This Interactive Media Service Agreement (the “Agreement”) is a legal agreement between you (“Operator”, “You”, or “Your”) and Tapfeed, Inc. (“Tapfeed”). YOU MUST READ AND AGREE TO THE TERMS OF THIS AGREEMENT BEFORE YOU CAN BEGIN USING THE SERVICE. BY SUBMITTING YOUR APPLICATION TO TAPFEED, YOU ARE AGREEING TO BE BOUND BY THE TERMS AND CONDITIONS OF THIS AGREEMENT. IF YOU ARE AGREEING ON BEHALF OF ANOTHER PARTY, YOU REPRESENT THAT YOU HAVE AUTHORITY TO DO SO.
Tapfeed operates an interactive media service that delivers content (collectively, the “Tapfeed Stream”) and responds to certain text messages from the public via a bot application (the “Tapfeed Bot”). The Tapfeed Bot receives text messages from Your patrons (each, a “Viewer”) in response to content that either You or an Advertiser, as defined below, have approved for insertion into the Tapfeed Steam (collectively, “Viewer Responses”) and replies to Viewer Responses with offers, discounts, and similar incentives (each a “Promo Code”). Tapfeed will provide You with hardware and software products in the form of wireless media storage devices (each a “Stick”) and a unique digital interface (the “Portal”) where You can upload and schedule Your own promotional content and/or Promo Codes into the Tapfeed Stream (collectively, the “Service”).

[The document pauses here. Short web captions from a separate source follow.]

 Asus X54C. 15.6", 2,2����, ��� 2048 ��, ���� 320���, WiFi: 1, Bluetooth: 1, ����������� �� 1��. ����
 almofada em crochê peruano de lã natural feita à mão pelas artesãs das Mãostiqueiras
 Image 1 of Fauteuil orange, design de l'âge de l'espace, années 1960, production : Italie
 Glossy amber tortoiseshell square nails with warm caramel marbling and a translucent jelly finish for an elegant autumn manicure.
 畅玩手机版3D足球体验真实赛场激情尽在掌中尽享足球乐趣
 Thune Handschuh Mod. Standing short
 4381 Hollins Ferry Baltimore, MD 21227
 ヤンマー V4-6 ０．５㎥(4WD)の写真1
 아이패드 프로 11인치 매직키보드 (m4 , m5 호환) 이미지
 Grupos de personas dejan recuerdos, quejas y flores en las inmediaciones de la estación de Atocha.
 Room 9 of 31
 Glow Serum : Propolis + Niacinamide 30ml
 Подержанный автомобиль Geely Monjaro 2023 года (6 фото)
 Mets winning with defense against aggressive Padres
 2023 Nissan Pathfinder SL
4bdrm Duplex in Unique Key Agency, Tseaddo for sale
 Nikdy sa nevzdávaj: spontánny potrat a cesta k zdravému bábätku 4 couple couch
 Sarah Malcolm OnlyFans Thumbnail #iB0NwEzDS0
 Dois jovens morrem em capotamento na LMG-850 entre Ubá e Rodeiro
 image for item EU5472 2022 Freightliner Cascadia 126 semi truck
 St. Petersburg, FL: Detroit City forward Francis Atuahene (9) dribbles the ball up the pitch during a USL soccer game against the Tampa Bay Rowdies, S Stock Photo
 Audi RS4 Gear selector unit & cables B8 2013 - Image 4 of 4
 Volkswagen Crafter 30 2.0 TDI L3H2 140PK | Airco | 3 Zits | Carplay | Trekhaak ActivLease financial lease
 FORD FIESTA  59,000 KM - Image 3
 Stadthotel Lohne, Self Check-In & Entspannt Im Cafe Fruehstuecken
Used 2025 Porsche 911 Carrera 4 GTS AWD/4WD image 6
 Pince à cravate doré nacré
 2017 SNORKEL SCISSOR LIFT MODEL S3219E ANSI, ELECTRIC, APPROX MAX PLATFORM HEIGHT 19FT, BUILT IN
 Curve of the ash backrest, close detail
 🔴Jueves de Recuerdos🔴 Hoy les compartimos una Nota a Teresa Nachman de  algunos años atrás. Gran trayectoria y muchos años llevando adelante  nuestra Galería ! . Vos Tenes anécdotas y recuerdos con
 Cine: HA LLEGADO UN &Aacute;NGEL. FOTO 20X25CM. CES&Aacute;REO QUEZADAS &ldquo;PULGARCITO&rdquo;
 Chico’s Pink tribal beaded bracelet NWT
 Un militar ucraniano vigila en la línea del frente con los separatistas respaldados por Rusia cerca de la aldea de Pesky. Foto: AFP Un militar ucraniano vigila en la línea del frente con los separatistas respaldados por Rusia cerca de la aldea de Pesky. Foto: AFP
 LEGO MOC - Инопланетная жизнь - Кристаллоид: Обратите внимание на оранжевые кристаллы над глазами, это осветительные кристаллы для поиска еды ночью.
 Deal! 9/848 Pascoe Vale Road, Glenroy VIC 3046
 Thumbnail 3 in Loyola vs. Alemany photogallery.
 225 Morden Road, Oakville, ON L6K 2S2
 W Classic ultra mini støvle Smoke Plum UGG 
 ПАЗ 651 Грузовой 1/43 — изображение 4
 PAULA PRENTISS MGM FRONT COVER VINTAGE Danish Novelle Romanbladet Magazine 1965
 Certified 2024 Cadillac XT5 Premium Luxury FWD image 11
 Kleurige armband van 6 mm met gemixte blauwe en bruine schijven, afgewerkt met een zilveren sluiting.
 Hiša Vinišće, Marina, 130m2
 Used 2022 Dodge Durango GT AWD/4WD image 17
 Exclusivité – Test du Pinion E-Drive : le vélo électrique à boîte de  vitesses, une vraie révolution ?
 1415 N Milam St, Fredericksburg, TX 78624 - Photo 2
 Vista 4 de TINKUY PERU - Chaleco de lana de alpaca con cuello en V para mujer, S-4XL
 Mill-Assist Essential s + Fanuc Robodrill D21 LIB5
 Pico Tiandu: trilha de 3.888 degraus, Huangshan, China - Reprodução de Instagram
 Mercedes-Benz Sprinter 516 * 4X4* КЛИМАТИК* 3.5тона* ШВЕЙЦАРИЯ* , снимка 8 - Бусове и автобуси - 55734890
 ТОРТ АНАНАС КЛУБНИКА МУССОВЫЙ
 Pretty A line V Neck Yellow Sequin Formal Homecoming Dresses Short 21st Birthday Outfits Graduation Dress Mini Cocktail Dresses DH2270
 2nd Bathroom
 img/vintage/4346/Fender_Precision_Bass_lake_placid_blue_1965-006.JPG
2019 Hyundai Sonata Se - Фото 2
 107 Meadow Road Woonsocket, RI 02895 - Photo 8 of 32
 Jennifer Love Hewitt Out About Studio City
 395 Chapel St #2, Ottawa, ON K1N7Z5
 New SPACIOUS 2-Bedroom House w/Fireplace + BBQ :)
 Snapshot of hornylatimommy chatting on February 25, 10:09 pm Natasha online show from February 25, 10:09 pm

Tapfeed will update announcements and similar promotional messages (collectively, “Operator Messages”) to the Stick(s) for display upon Operator email request to firstname.lastname@example.org. Tapfeed also contracts with third party advertisers (each, an “Advertiser”) to include advertisements in the Tapfeed Stream (each, a “Third-Party Ad”). Tapfeed may replace or remove Third-Party Ads at any time.
The Service requires that the Stick(s) remain powered on, connected to a WiFi network and plugged in to Approved Screen(s) operating at an approved Operator Site at all times. You agree to feature the Tapfeed Stream on said Approved Screen(s) during at least 90% of operating hours. In the event of a Viewer Response to an Operator Message, the Tapfeed Bot will transmit the promotional code associated with such response to the Viewer. You agree to accept all of Your Promo Codes redeemed by Viewers and to make reasonable efforts to create and upload Operator Messages intended to generate Viewer Responses. Tapfeed may audit Your use of and access to the Service, including total streaming time of the Service at the Operator Site, total Operator Messages and/or Third-Party Ads displayed, total bandwidth usage, and total uptime, and may suspend Your access to or use of the Service at any time, in its sole discretion, for any improper, unlawful, or otherwise fraudulent use of the Service, or for Your non-compliance with any term of this Agreement or any content guidelines that Tapfeed may provide to You. To mitigate the risk of a data breach, each Stick will automatically initiate a security update one time per month. The update can take several hours and You agree to not turn off the Stick(s) while the update is being performed. If there are any technical issues with the Stick(s) or the Service, You agree to inform email@example.com immediately.
The monthly fee for the Operator’s use of the Stick(s) and access to the Service will be [$0] (the “Subscription Fee”) for the first 30 days. After the first 30 days of the Service, the Operator can either opt in to a subscription plan featured on barcast.tv or continue their free use of the service. Operator shall pay the monthly Subscription Fee in advance for the following one month of the Service, until termination of this Agreement. The Subscription Fee is non-refundable. Payments will be made in US Dollars by ACH, Wire Transfer, or Credit Card.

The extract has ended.